De Terra and Paterson realized that they are dealing with essentially a tropical country and hence a chronology tied down with glacial events cannot be applicable to the whole country. It is perhaps with this idea that they surveyed the Narmada and identified parallel alluvial deposits for all the six terraces of Punjab. They argued that Narmada was not born during the Lower Pleistocene stage (comparable to Tatrot and Pinjaur in Potwar).

Excessive leaching of the base rock occurred during this period and caused the formation of a specific eroded rock type called laterites. Thus, corresponding to Tatrot they identified a fine film off homogeneous clay called mottled clay which is laid down by the meandering water flow.

That this chronology was not applicable to quite a number of specific instances, is clear from the fact that no sooner Mortimer Wheeler took up the helm of the Archaeological Survey of India he invited Fredrick Zeuner, a Quaternary geologist at London School, to India to provide a Pleistocene chronology for India.

The first Gujarat Archaeological Expedition was thus undertaken in 1944 with Zeuner and Sankalia as the main experts. The team surveyed almost all the rivers in Gujarat and demonstrated that most of these recorded only two gravel beds. That is, unlike the five Pleistocene deposits demonstrated at Potwar and Narmada, only two wet phases are seen in other rivers.

In other words, the oldest deposit in these rivers has to be accepted as belonging to the third glacial phase of the temperate chronology. Since then several discoveries in many areas have grossly changed the Pleistocene chronology established in the forties. We shall briefly look into these evidences before finally modifying the available chronometer.

1. A third gravel was identified at Belan in UP. It had not only yielded different cultural material than the preceding gravel but also provided a C-14 date of 23840 ± 830 B.C.

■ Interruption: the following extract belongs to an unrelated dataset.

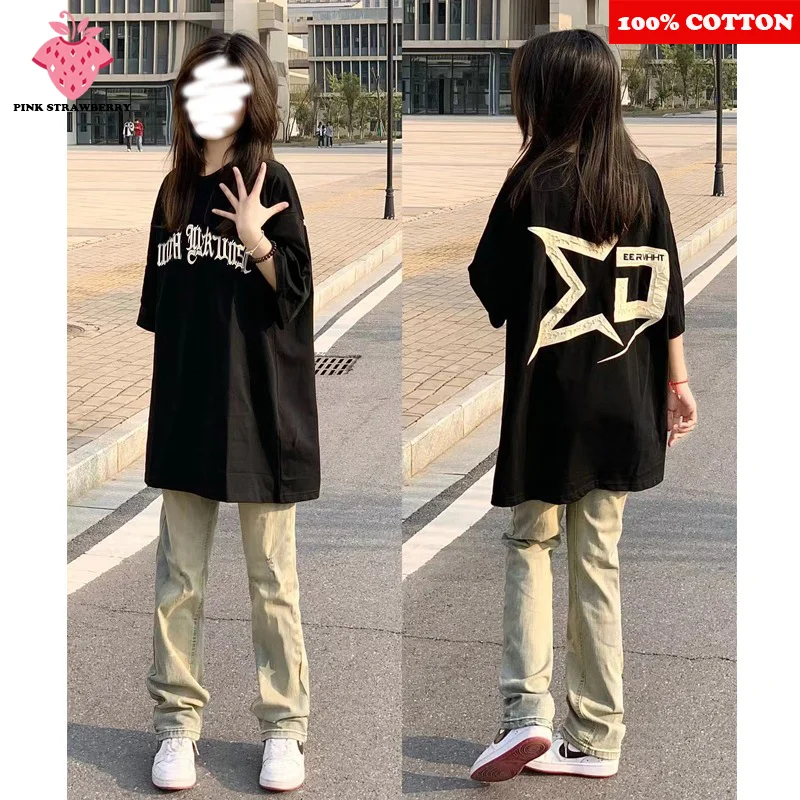 

American style Letter Print T-shirt Women Summer 2025 New 100% Cotton Short sleeve Black Tee Loose Casual Y2k Top Female clothes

2. The oldest C-14 date recorded from the second gravel at Mula Dam is > 39000 B.C. (Dattawadi).

3. In a recent restudy of the Himalayan geology it was found that a thick moraine descended up to Potwar around 1.9 million years ago. Apparently this conglomerate had been identified as the TD terrace by De Terra and Paterson.

4. Near Saurastra a single Lower Palaeolith was found buried under a miliolite deposit which could be indirectly dated to 120,000 B.P. Thus, the Palaeolith could apparently be dated from earlier than 120,000 B.P.

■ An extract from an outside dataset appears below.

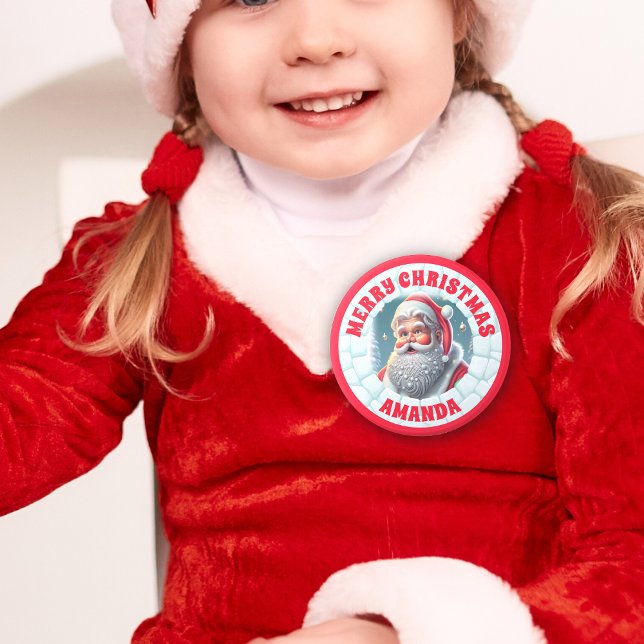 3D Santa Claus Christmas Personalised Kids 6 Cm Round Badge (Creator Uploaded)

All these evidences put together would seem to indicate that taking the whole of India together the broad period of occurrence of the three conventional stages of Palaeolithic past are as follows:

Lower Palaeolithic Culture – 1 million year in Punjab to 39,000 B.C. in the Deccan.

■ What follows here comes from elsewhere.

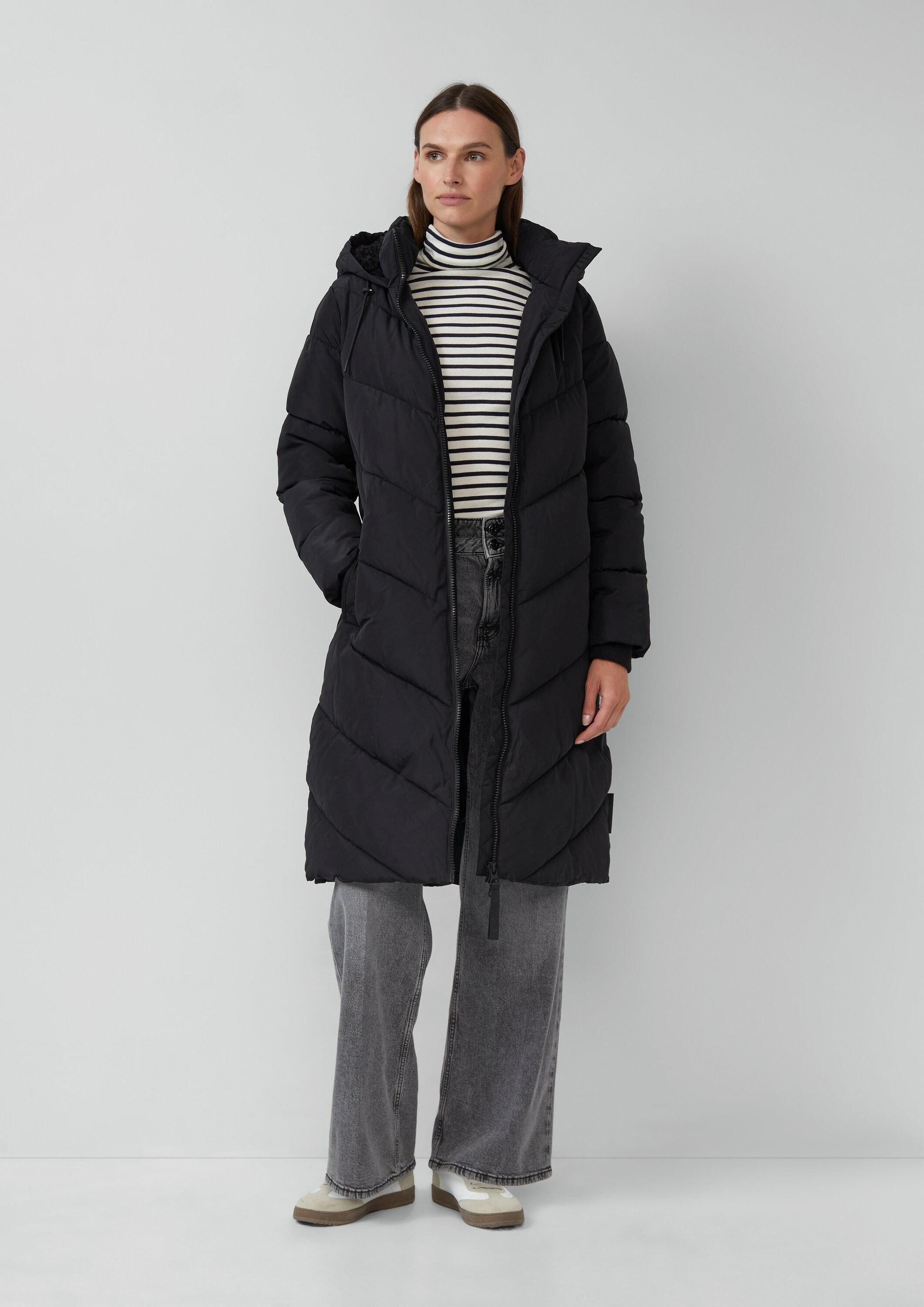 s.Oliver Wintermantel Outdoor-Mantel Steppmantel mit Teddyplüsch-Kapuze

Middle Palaeolithic Culture – 39,000 B.C. to 23,000 B.C.

Upper Palaeolithic Culture – 23,000 B.C. to 10,000 B.C.

Possehl (1975), who had critically examined the faunal and tool typological features of the sites known till then, felt that “The entrance of man into the sub-continent as it has been documented so far, was comparatively late, being in the third interglacial or Upper Pleistocene”.

It would seem, in the light of the above evidences that he may be correct for some parts of India, but surely the antecedents of man in this country can be pushed to well within Middle Pleistocene in some other parts, especially in the valleys of the north western region of India.

The finding of the Homo erectus from Narmada would also indicate a greater antiquity of man’s presence in this zone than what the faunal and geological evidences would indicate. This is on the assumption that an archaic erectus has to be pre-existing in this area in order to give rise to the advanced form discovered there. For most of the other evidences of what we call as Acheulian from India, Possehl may be broadly correct.

Acheulian in India must have flourished between 100,000 to as late as 50,000 years before present. This is a time bracket in which most of Europe, excluding perhaps only the Mousterian zone in south west France, continues with a well-developed upper Acheulian form. In Africa as well, the Acheulian continues till this date at many sites.